PyAWD: A Library for Generating Large Synthetic Datasets of Acoustic Wave Propagation
Pascal Tribel, Gianluca Bontempi
TL;DR
PyAWD tackles data sparsity in seismic ML by providing a Python library that generates large, high-resolution synthetic datasets of spatio-temporal acoustic wave propagation in 2D and 3D heterogeneous media. It solves the anisotropic nondispersive Acoustic Wave Equation $ \frac{d^2u}{dt^2} = c\nabla^2 u - \alpha \frac{du}{dt} + f $ via Devito, offering PyTorch-compatible datasets with on-the-fly generation and interrogator probes for ML pipelines.

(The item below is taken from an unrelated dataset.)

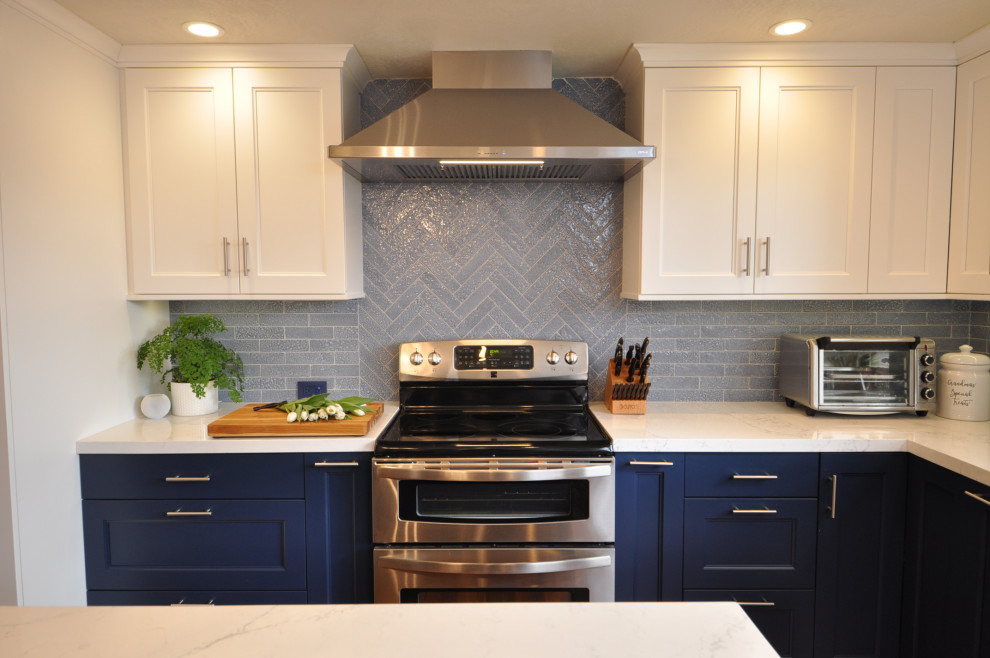 Exempel på ett avskilt, mellanstort klassiskt vit vitt u-kök, med en undermonterad diskho, skåp i shakerstil, vita skåp, bänkskiva i kvarts, blått stänkskydd, stänkskydd i tegel, rostfria vitvaror, laminatgolv, en köksö och brunt golv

The authors demonstrate utility with a 2D epicenter retrieval task in a Marmousi field, evaluating several ML models and performing data-budgeting analyses to reveal data requirements and model robustness; TCNN and Extra Trees emerge as top performers. Overall, PyAWD provides a practical path to generate rich, ML-ready seismic data, enabling exploration of model selection, data budgeting, and transfer learning, while future work will integrate real data and extend to more complex wave equations and source models.
Abstract
Seismic data is often sparse and unevenly distributed due to the high costs and logistical challenges associated with deploying physical seismometers, limiting the application of Machine Learning (ML) in earthquake analysis. While simulation methods exist, no tool allows the generation of large datasets containing simulated measurements of the ground motion. To address this gap, we introduce PyAWD, a Python library designed to generate high-resolution synthetic datasets simulating spatio-temporal acoustic wave propagation in both two-dimensional and three-dimensional heterogeneous media. By allowing fine control over parameters such as the wave speed, external forces, spatial and temporal discretization, and media composition, PyAWD enables the creation of ML-scale datasets that capture the complexity of seismic wave behavior. We illustrate the library's potential with an epicenter retrieval task, showcasing its suitability for designing complex, accurate seismic problems that require advanced ML approaches in the absence or lack of dense real-world data. We also show the usefulness of our tool to tackle the problem of data budgeting in the framework of epicenter retrieval.